The main funciton in DNAcycP is dancycp-cli, which can be called as follows:

dnacycp-cli -f/-t <inputfile> <basename>

where

  • -f/-t: indicates the input file name in FASTA or TXT format respectively; either one must be specified.
  • <inputfile>: is the name of the intput file;
  • <basename>: is the name base for the output file.

Example 1:

dnacycp-cli -f ./data/raw/ex1.fasta ./data/raw/ex1

The -f option specifies that the input file named "ex1.fasta" is in fasta format. The ./data/raw/ex1.fasta is the sequence file path and name, and ./data/raw/ex1 specifies the output file will be saved in the directory ./data/raw with file name initialized with ex1. For example, ex1.fasta contains two sequences named ">seq1" and ">myseq2" respectively. The output file will be named as "ex1_cycle_seq1.txt", "ex1_cycle_myseq2.txt"for the first and second sequences respectively. Each file contains three columns: position, C_score_norm, C_score_unnorm. The C_score_norm is the predicted C-score from the model trained based on the standardized loop-seq score of the tiling library of Basu et al 2021 (i.e. 0 mean unit variance). The C_score_unnorm is the predicted C-score recovered to the original scale of loop-seq score in the tiling library data from Basu et el 2021. The standardized loop-seq score provides two advantages. As loop-seq may be subject to a library-specific constant, standardized C-score is defined with a unified baseline as yeast genome (i.e. 0 mean in yeast genome). Secondly, the C-score provides statisitcal significance indicator, i.e. a C-score of 1.96 indicates 97.5% in the distribution.

Example 2:

dnacycp-cli -t ./data/raw/ex2.txt ./data/raw/ex2

With -t option, the input file is regarded as in TXT format, each line representing a sequence without sequence name line that begins with ">". The predicted C-scores will be saved into two files, one with _unnorm.txt and the other with _norm.txt for unnormalized and normalized C-score, with C-scores in each line corresponding to the sequence in the input file in the same order.

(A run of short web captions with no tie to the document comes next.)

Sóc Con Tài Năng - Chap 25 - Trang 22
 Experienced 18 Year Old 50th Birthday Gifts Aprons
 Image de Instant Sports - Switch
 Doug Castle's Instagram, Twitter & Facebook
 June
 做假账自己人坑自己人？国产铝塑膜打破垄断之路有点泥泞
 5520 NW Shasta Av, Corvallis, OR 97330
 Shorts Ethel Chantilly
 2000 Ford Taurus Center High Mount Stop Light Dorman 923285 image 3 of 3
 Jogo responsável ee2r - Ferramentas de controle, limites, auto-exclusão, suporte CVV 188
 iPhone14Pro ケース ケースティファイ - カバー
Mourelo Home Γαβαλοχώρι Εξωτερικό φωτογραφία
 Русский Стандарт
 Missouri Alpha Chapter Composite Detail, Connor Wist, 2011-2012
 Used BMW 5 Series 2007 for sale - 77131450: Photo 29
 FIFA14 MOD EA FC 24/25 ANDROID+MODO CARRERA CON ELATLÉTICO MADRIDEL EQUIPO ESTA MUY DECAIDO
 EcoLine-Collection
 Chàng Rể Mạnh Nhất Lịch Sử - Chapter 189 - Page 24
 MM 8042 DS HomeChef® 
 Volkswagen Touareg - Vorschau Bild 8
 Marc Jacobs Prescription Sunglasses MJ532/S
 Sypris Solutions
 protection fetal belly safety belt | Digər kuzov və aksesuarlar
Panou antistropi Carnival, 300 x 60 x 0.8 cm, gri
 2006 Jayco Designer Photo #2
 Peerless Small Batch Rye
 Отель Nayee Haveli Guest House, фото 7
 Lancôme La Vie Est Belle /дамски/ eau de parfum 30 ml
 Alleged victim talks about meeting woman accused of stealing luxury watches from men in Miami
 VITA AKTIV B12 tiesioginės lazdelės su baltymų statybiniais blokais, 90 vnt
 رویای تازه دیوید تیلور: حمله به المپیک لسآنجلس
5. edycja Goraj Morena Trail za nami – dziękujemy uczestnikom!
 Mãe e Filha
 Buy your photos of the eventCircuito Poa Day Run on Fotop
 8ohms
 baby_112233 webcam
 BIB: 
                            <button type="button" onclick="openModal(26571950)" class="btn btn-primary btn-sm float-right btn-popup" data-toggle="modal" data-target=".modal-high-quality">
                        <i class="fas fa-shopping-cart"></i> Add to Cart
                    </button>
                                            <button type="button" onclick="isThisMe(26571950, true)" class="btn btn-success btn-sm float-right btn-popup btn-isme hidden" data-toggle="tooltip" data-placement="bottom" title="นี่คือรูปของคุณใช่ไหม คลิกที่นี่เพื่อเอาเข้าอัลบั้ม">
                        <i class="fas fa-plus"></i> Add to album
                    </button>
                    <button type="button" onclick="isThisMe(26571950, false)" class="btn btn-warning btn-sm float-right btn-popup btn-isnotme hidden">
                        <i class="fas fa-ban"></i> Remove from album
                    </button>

For any input sequence, DNAcycP predicts the C-score for every 50 bp. Regardless of the input sequence format the first C-score in the output file corresponds to the sequence from position 1-50, second for 2-51 and so forth.

Run prediction within Python interactive session

from dnacycp import cycle_fasta, cycle_txt
cycle_fasta("data/raw/ex1.fasta","example1")
cycle_txt("data/raw/ex2.txt","example2")

Other References

  • Basu, A., Bobrovnikov, D.G., Qureshi, Z., Kayikcioglu, T., Ngo, T.T.M., Ranjan, A., Eustermann, S., Cieza, B., Morgan, M.T., Hejna, M. et al. (2021) Measuring DNA mechanics on the genome scale. Nature, 589, 462-467.